Hey all.
I have a MT 2.9.rc10 box set up that has 2 interfaces, Public and Private.
Public has an IP of x.x.56.19/24, and Private has 192.168.10.1/24 and x.x.61.33/28 (a publicly routable block).
In order to get customers surfing I set up a masquerade rule as per the documentaiton. I tested both public and private Ip address routing and each block can get out just fine.
The problem I am having is that we have a customer off this router who needs a public Ip for a point to point VPN connection. He assigned his router x.x.61.36 and can surf the net just fine using that.
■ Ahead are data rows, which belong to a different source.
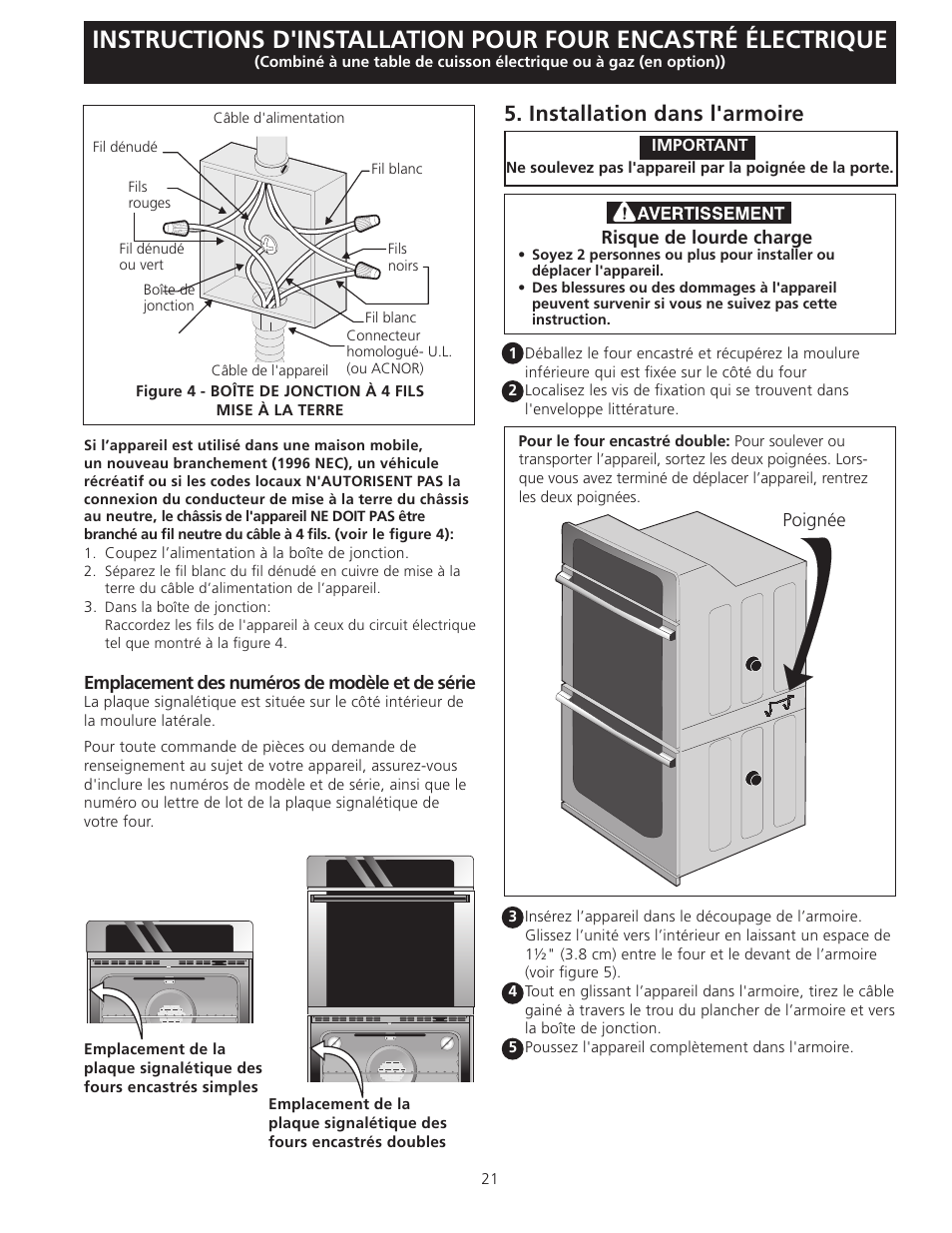 Installation dans l'armoire | Electrolux EW27EW65GB User Manual | Page 21 / 24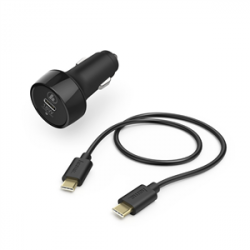 Hama set rýchla USB nabíjaèka do vozidla USB-C PD / QC 3.0, 18 W + kábel USB C-C 1,5 m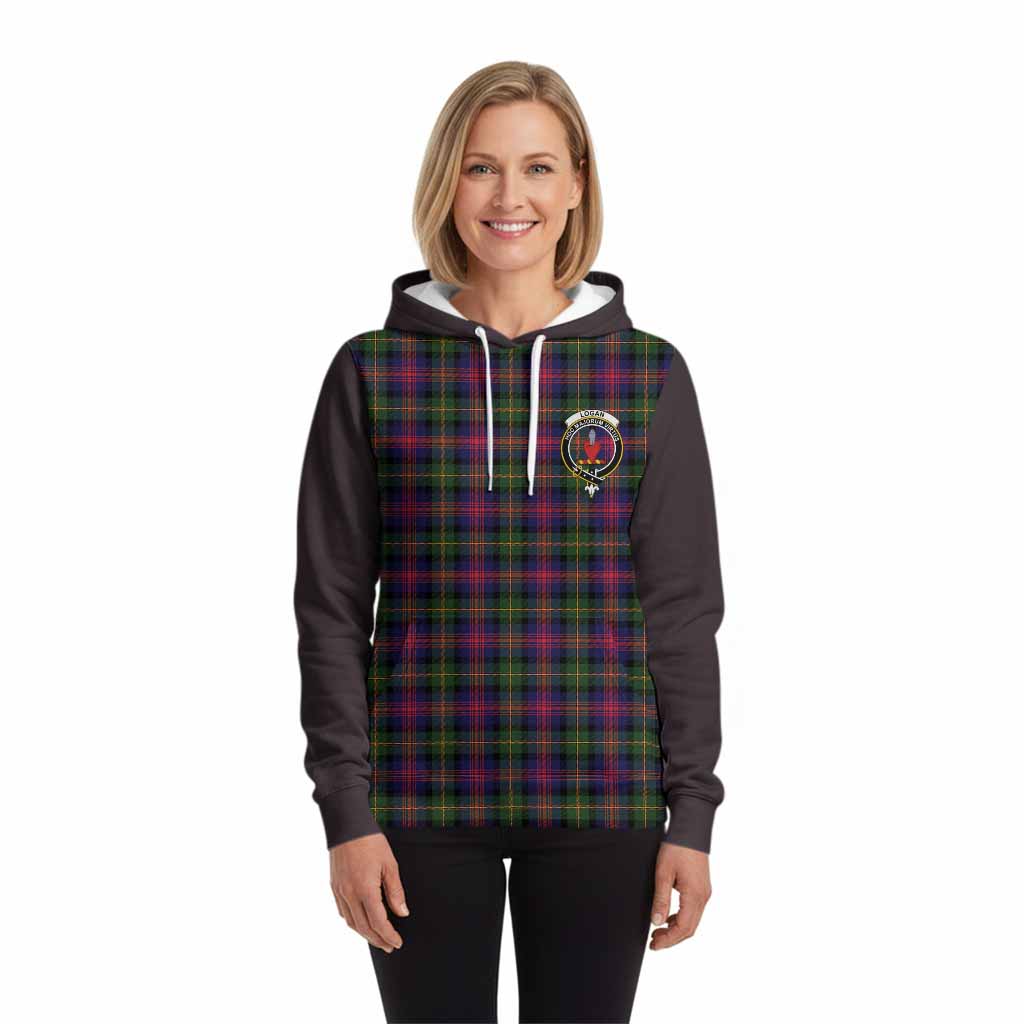 Logan Tartan Accent Hoodie with Family Crest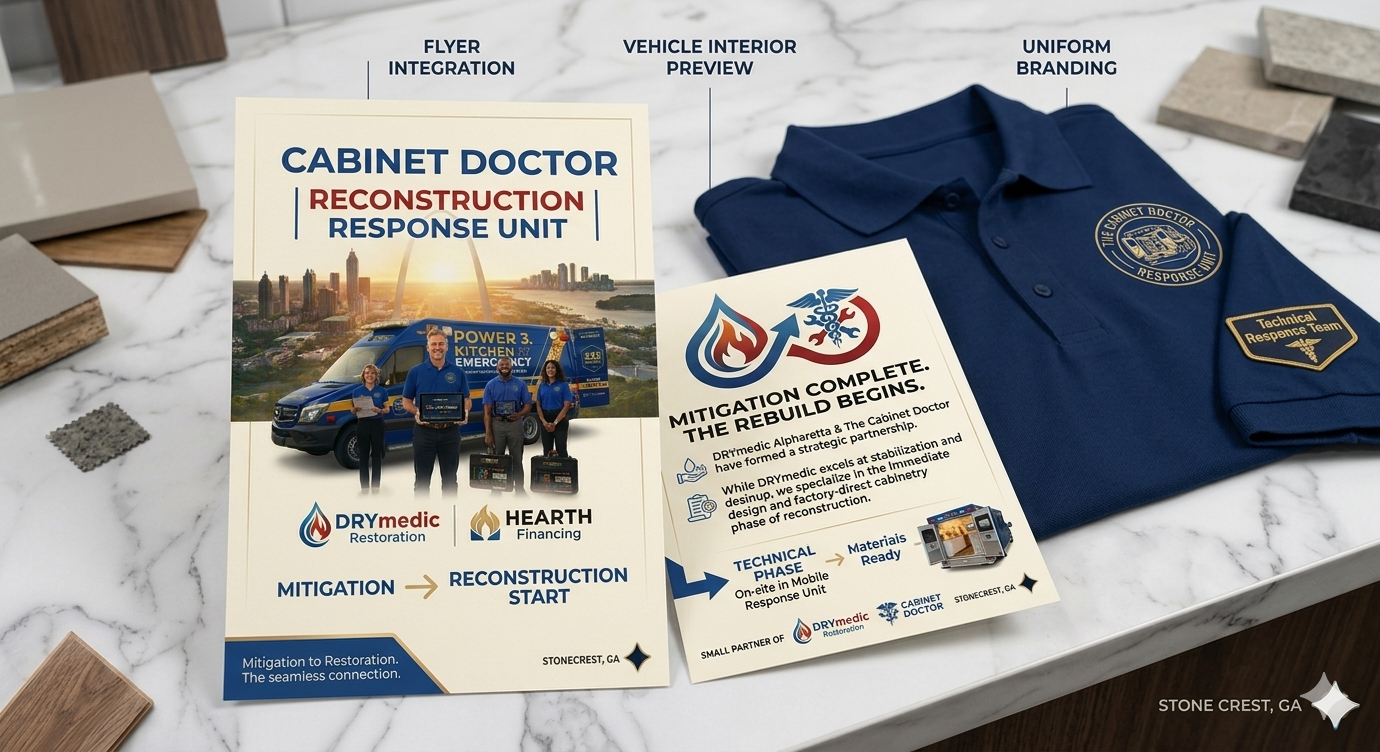 Cabinet Doctor Reconstruction Response Unit — DRYmedic Restoration & Hearth Financing partner flyer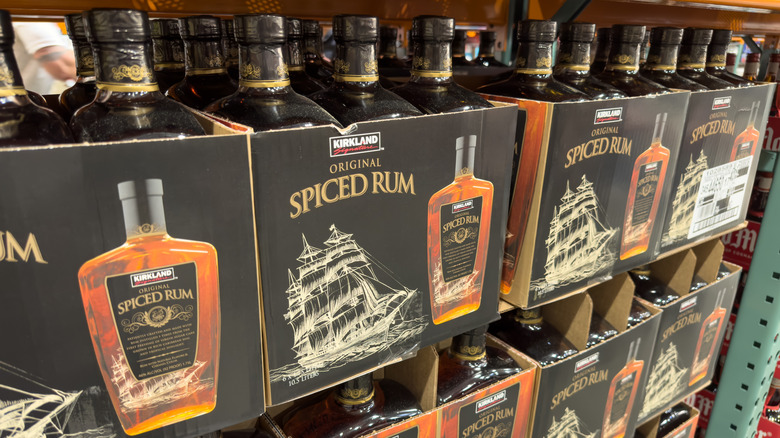 Boxes of Kirkland Signature Original Spiced Rum at a Costco warehouse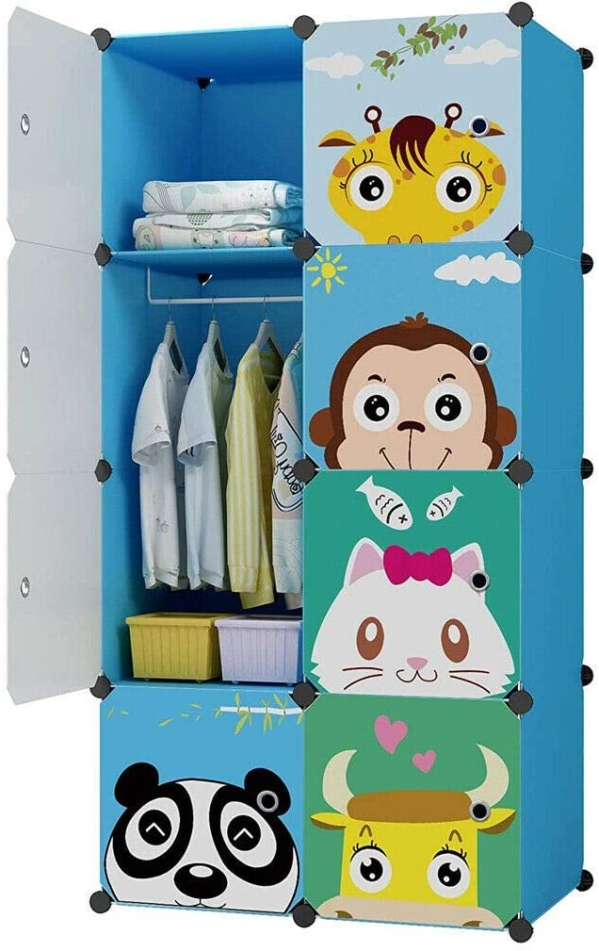 SHUANGJUN Kleiderschrank DIY Schrank Kinder Zimmer Steckregal Regalsystem Regal Schuhregal Erweiterbares Kinderregal Kinder Kleiderschrank…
However, he can’t set up his vpn because the remote end thinks his IP address is x.x.56.19 (the routers public IP) instead of x.x.61.36. We tested this via whatismyip.com and sure enough, the outside world thinks his router’s ip is the MT public address.
Obviously, the MT is natting his public IP, so my question is how do I exclude the public IP’s from nat and just route those addresses instead.
Thanks in advance!
~Jason
You should upgrade it to 2.9.8, lots of fixes have been made.
Just tell it that you only want the private network masquaraded.
add chain=srcnat src-address=192.168.10.0/24 action=masquerade comment="masquerade private network" disabled=no
–Tom
Well, that was my first attempt to solve the problem, and it didn’t work for the customer. When making changes, they take effect immediately, right? And connection tracking is on.
One question - the srcnat rule I have specifies the out interface as Public - should I not have that?
Yes use the PROXY ARP howto SOLVED thread.
Set up a ip route to handle passing traffic to and from the public IPs behind hotspot
You dont want the masquerade rule to take effect for the public IPS behind hotspot or else they will show as if they are coming from the router itself.
The howto suggests adding src-address 192.168.x.x to the masquerade rule. I prefer to do the opposite:
Add src-address: ! x.x.61.33/28 to your masquerade rule. Source address is not your public IPs. This will prevent those publics from getting masqueraded.